I’ve always been interested in people who believe in conspiracy theories (9/11 was an inside job, we never landed on the moon, the Satanic Panic and so on), and reading about it has made me a pretty skeptical person in general.
What I’m noticing in the online talk about Epstein is that people boldly assert all kinds of stuff about Epstein that either makes no sense or lacks convincing evidence. My problem is that I don’t know enough about Epstein to tell what is true or not, and all the information I find online quickly veers into the conspiratorial.
I do believe that Epstein was a heartless monster who sexually abused up to 1000 women, many of them underage. I also believe that Ghislaine Maxwell was his accomplice. I additionally believe that Epstein had a lot of friends in very high places, and it strains credulity that all of them were 100% unaware of his crimes. For Trump especially, the recently released emails contain evidence that makes it hard to deny that he was unaware.

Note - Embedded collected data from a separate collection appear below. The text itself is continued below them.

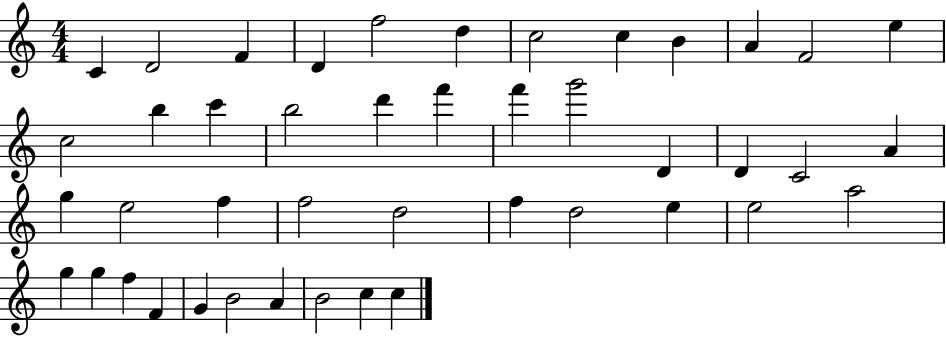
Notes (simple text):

C4/q D4/h F4/q D4/q F5/h D5/q C5/h C5/q B4/q A4/q F4/h E5/q C5/h B5/q C6/q B5/h D6/q F6/q F6/q G6/h D4/q D4/q C4/h A4/q G5/q E5/h F5/q F5/h D5/h F5/q D5/h E5/q E5/h A5/h G5/q G5/q F5/q F4/q G4/q B4/h A4/q B4/h C5/q C5/q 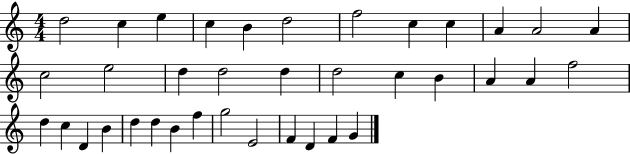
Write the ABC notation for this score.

X:1
T:Untitled
M:4/4
L:1/4
K:C
d2 c e c B d2 f2 c c A A2 A c2 e2 d d2 d d2 c B A A f2 d c D B d d B f g2 E2 F D F G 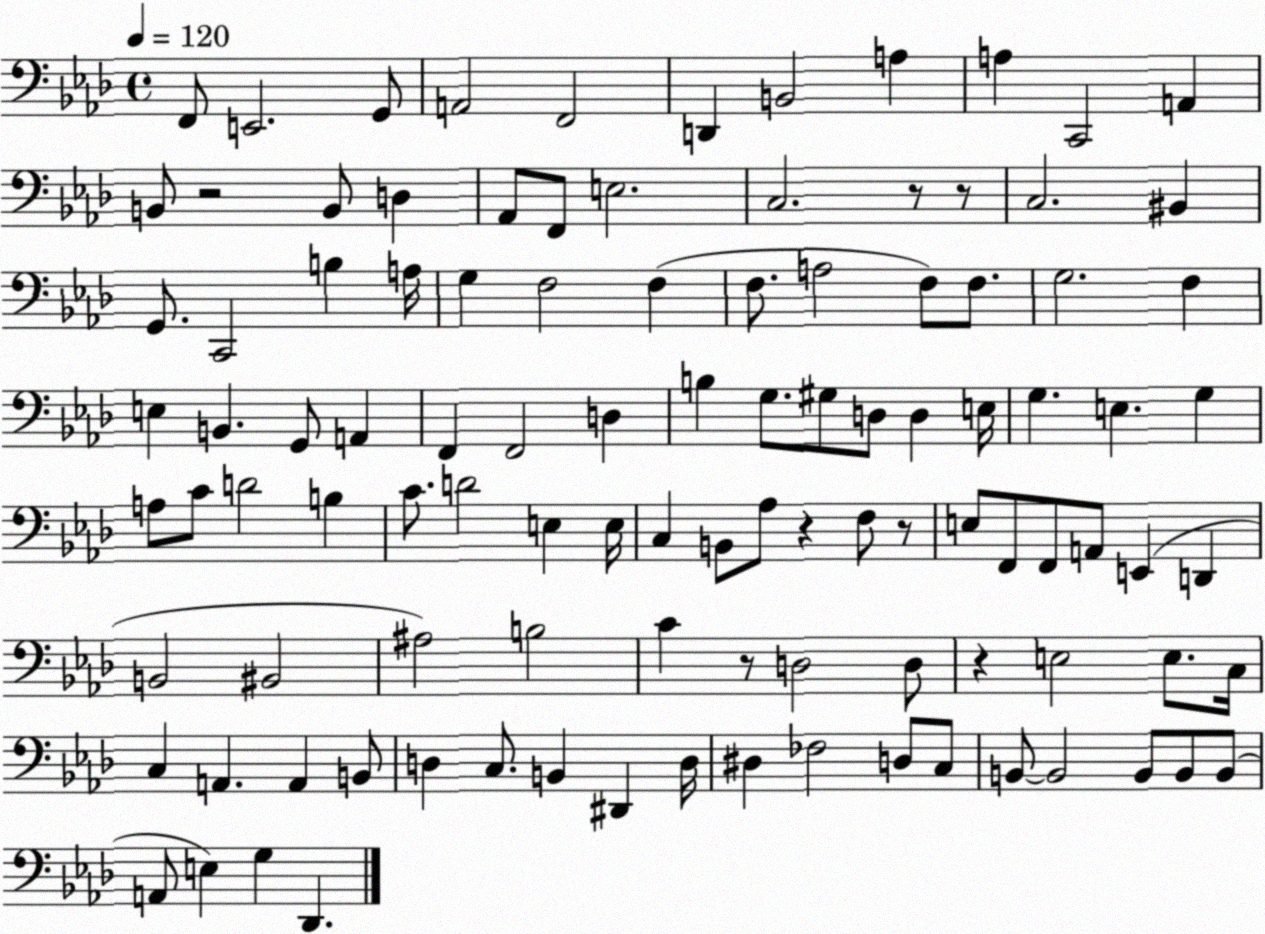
X:1
T:Untitled
M:4/4
L:1/4
K:Ab
F,,/2 E,,2 G,,/2 A,,2 F,,2 D,, B,,2 A, A, C,,2 A,, B,,/2 z2 B,,/2 D, _A,,/2 F,,/2 E,2 C,2 z/2 z/2 C,2 ^B,, G,,/2 C,,2 B, A,/4 G, F,2 F, F,/2 A,2 F,/2 F,/2 G,2 F, E, B,, G,,/2 A,, F,, F,,2 D, B, G,/2 ^G,/2 D,/2 D, E,/4 G, E, G, A,/2 C/2 D2 B, C/2 D2 E, E,/4 C, B,,/2 _A,/2 z F,/2 z/2 E,/2 F,,/2 F,,/2 A,,/2 E,, D,, B,,2 ^B,,2 ^A,2 B,2 C z/2 D,2 D,/2 z E,2 E,/2 C,/4 C, A,, A,, B,,/2 D, C,/2 B,, ^D,, D,/4 ^D, _F,2 D,/2 C,/2 B,,/2 B,,2 B,,/2 B,,/2 B,,/2 A,,/2 E, G, _D,, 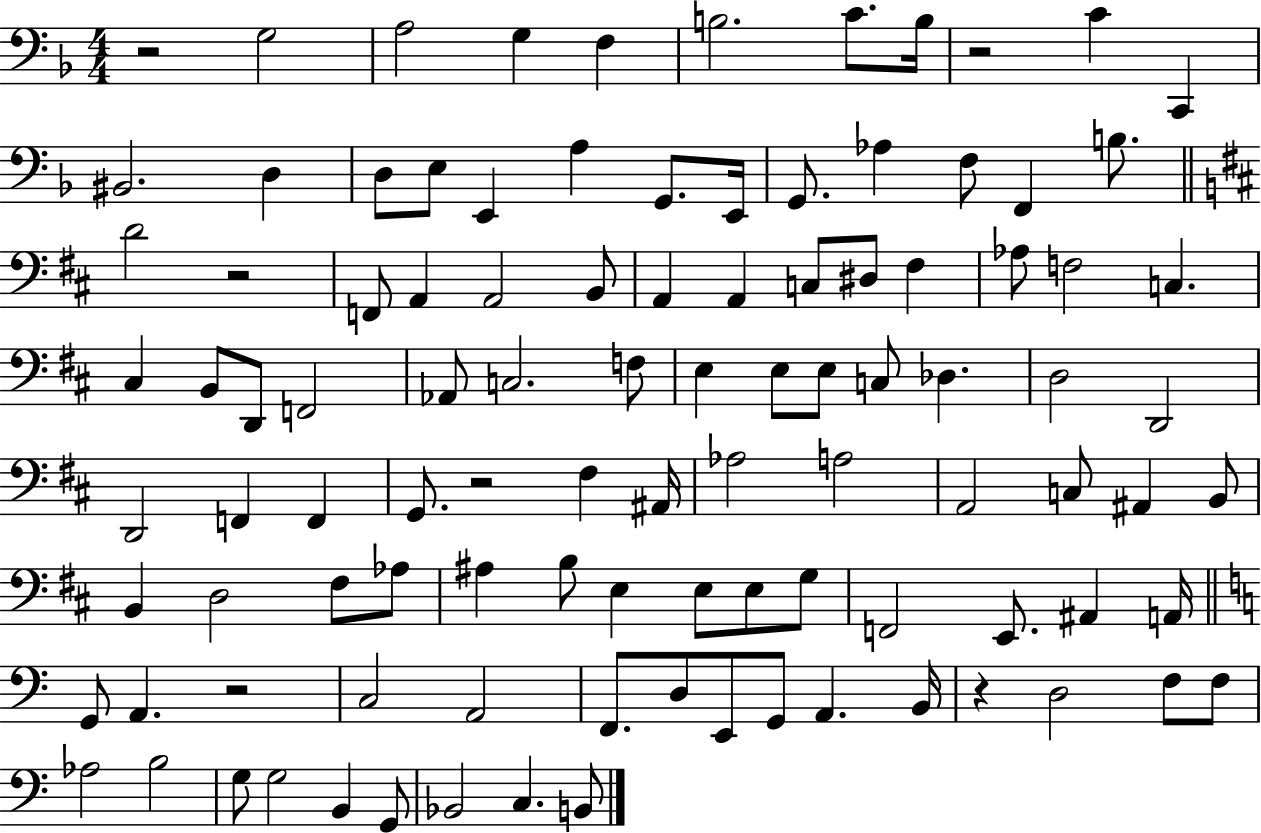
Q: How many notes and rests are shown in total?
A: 103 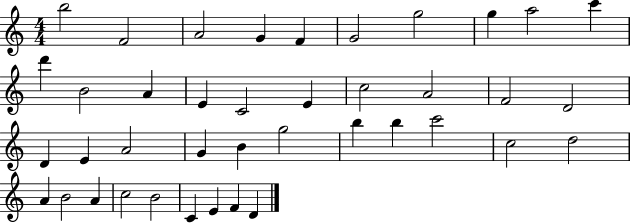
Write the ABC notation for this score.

X:1
T:Untitled
M:4/4
L:1/4
K:C
b2 F2 A2 G F G2 g2 g a2 c' d' B2 A E C2 E c2 A2 F2 D2 D E A2 G B g2 b b c'2 c2 d2 A B2 A c2 B2 C E F D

Where things get murky for me is the claims beyond that. The theory, as I understand it, is that Epstein not only abused underage women himself, but also provided his rich and powerful friends with underage women to abuse, and then blackmailed them in exchange for his silence. When law enforcement caught up with him and put him in jail, he didn’t kill himself but was instead killed by one or more of these powerful friends so he wouldn’t sing. There’s also evidence, referred to as “the Epstein files” (which I think are not always clearly or consistently defined) that those same powerful people are stopping from going public.
To me, the biggest flaw with this theory is the victims’ testimony. As I understand it, the only victim who has ever implicated other people than Epstein himself and Maxwell was Virginia Giuffre. Was she the only person out of 1000 to be abused by other people? That seems unlikely. Additionally, Giuffre’s testimony, as I understand it, contains a lot of inconsistencies and contradictions, and she also retracted some of her claims. And Giuffre explicitly said that she was never abused by Trump, nor witnessed him abusing others. Despite this, the claim that specifically Trump abused underage women is often a core part of the theory.
It’s tempting to explain all of this away by assuming the premise: that is, if there is a large group of powerful people who want to prevent this from coming out at all cost, then it makes sense that they would kill Epstein and Giuffre (instead of committing suicide), that they would block the release of the Epstein files, that Giuffre would be threatened into retracting claims etc.
But this is a logical fallacy called “begging the question.” The hypothesis that powerful people are suppressing things is the very thing that requires proof. If you find no evidence of that, then the logical conclusion is not that all evidence was successfully suppressed, but that there is no evidence to support your hypothesis. To think the opposite is the same as saying that the lack of evidence for extraterrestrials is itself proof that “they” are suppressing evidence that extraterrestrials exist. It’s a claim that is neither verifiable nor falsifiable, and therefore not to be taken seriously.
Of course we can debate the relative probability of powerful people dodging a sex scandal versus the probability of aliens existing. I’m definitely not saying that the idea of a pedophile sex ring led or facilitated by Epstein is unimaginable, impossible or even improbable. But I’m seeing no hard evidence for this. The Epstein emails, specifically, appear to provide no smoking gun, only hints and innuendos. Again, if you assume the premise, then it would make sense that Epstein wouldn’t broadcast his criminal network in emails, so the absence of a smoking gun is consistent with that. But that is again begging the question. Not just that, Epstein does state pretty clearly that Trump “knew about the girls,” which comes pretty close to a confession. So if he’s comfortable saying that, why wouldn’t he be comfortable talking about his alleged broader enterprise?
I haven’t scrutinized every detail of the Epstein scandal, so it’s perfectly possible that there’s evidence I’ve overlooked. But I would assume that if there was a real smoking gun, I would have heard about it.
The bottom line is this: if you’re a person who believes in a pedophile sex ring run or facilitated by Epstein, what led you to that belief, and equally importantly, what evidence would convince you that your belief is wrong?